- Theatrical release poster
- Directed by: Dileesh Nair
- Written by: Dileesh Nair
- Produced by: M. Renjith
- Starring: Baburaj Chemban Vinod Jose
- Narrated by: A. Jayashankar
- Cinematography: Alby
- Edited by: V. Saajan
- Music by: Bijibal
- Production company: Rejaputhra Visual Media
- Distributed by: Rejaputhra Visual Media & Tricolor Entertainment
- Release date: 23 October 2014;
- Country: India
- Language: Malayalam

= Tamaar Padaar =

Tamaar Padaar is a 2014 Indian Malayalam-language satirical comedy film written and directed by Dileesh Nair and produced by M. Renjith through the company Rejaputhra Visual Media. It stars Baburaj, and Chemban Vinod Jose in lead roles. The soundtrack was composed by Bijibal. The film was released on 23 October 2014 on the occasion of Diwali.

== Plot ==

Jumper Thambi and Tubelight Mani are street performers. Jumper Thambi does stunts like bike Jumping and Tubelight Mani does stunts with Tubelight. Mani is in love with Valsamma, who initially doesn't reciprocate. Thambi and Mani do not know each other, but once they meet each other at a Temple festival, they instantly become good friends. Once they decide to do a stunt together for media visibility. They both tried to squeeze-in through a bicycle tube but ends up getting stuck.

ACP Pouran, an efficient yet overambitious officer, whose main intention is to stand out among his colleagues, sees Thambi and Mani by coincidence. The ACP finds a resemblance between Thambi and a notorious terrorist Khalid Qureshi. He arrests them both and puts them in trial. The ruling party takes undue advantage of this situation by taking all credits and meanwhile all international anti-terrorist organizations also wants to get these two in custody.

ACP Pouran later understands the truth and now wants them released at all cost. He tries the legal way but gets no help from his superior officers.
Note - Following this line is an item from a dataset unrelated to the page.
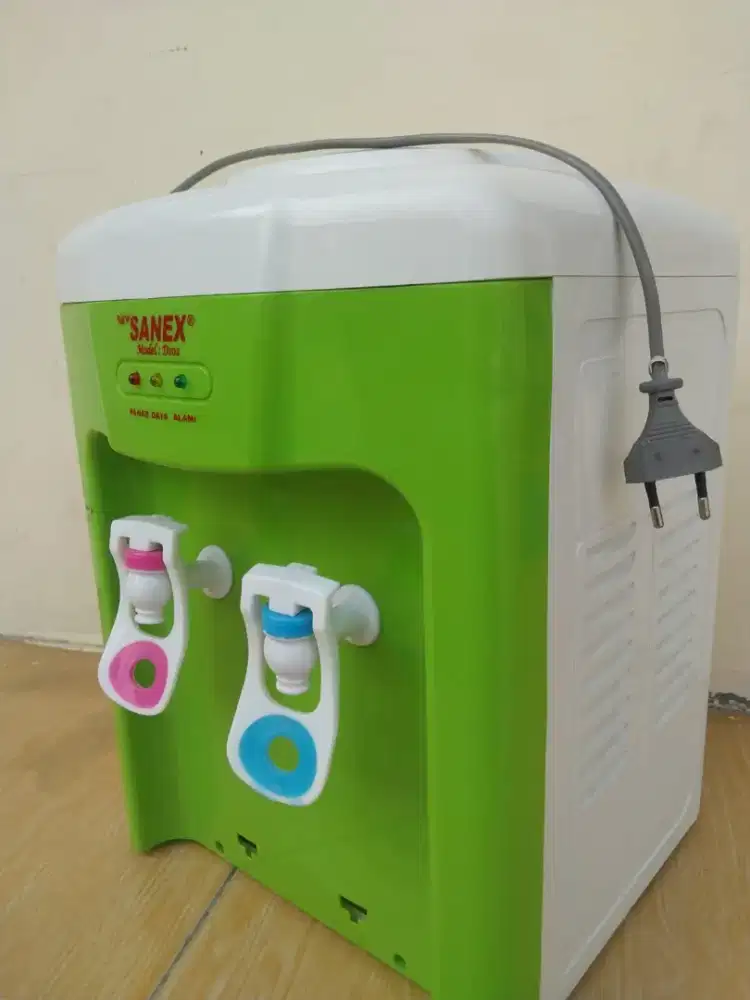 Dispenser second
When his efforts become a nuisance, he is transferred on duty to Sabarimala. Eventually he manages to catch a popular communist leader secretly going on a pilgrimage at Sabarimala, and blackmails him into arranging for the safety of Thambi and Mani. He also secretly bashes another politician, who turned the whole issue into a circus for his own benefit. Eventually the government and the police fake Thambi and Mani's deaths, to ensure that the world never knows the truth. Pouran then helps them escape.

Sometime later, Mani has married Valsamma and has started a new life somewhere with a new identity. Thambi meanwhile has become a godman and lives happily in the popularity and protection the role provides. Pouran continues to be ambitious and daring, often acting as a silent avenger of justice in the dark hallways of politics and justice.

== Cast ==

- Prithviraj Sukumaran as ACP Pouran
- Baburaj as Jumper Thambi/Khalid Qureshi
- Chemban Vinod Jose as Tubelight Mani
- Srinda Ashab as Valsamma
- Vijay Babu as Purushan
- Ashvin Mathew as Minister John Katuparamban
- Manju Sunichen as Kanakam
- Shammi Thilakan as Kumaran
- Jojet John
- Anjali Aneesh as Vanitha, Purushan's wife
- Dhaneeh as Iddaly Kallan
- Dileesh Pothan as Siby Karimannoor
- Parvathi T. as Sandya Sumesh
- Jino John

==Production==
The film marks the directorial debut of screenwriter Dileesh Nair who also wrote the film's screenplay. The film was produced by M. Renjith. The role of Jumper Thampi was earlier offered to Biju Menon. Vijay Babu appears in the flashback scenes as Purushan, Pouran's father. Filming began in Sabarimala in April 2014. It was also filmed in Thiruvananthapuram. The title Tamaar Padaar is an onomatopoeia word in Malayalam that refers to the sound of a blast in comics.

== Reception ==
The film was released on 3 October 2014. It mostly received mixed response from critics.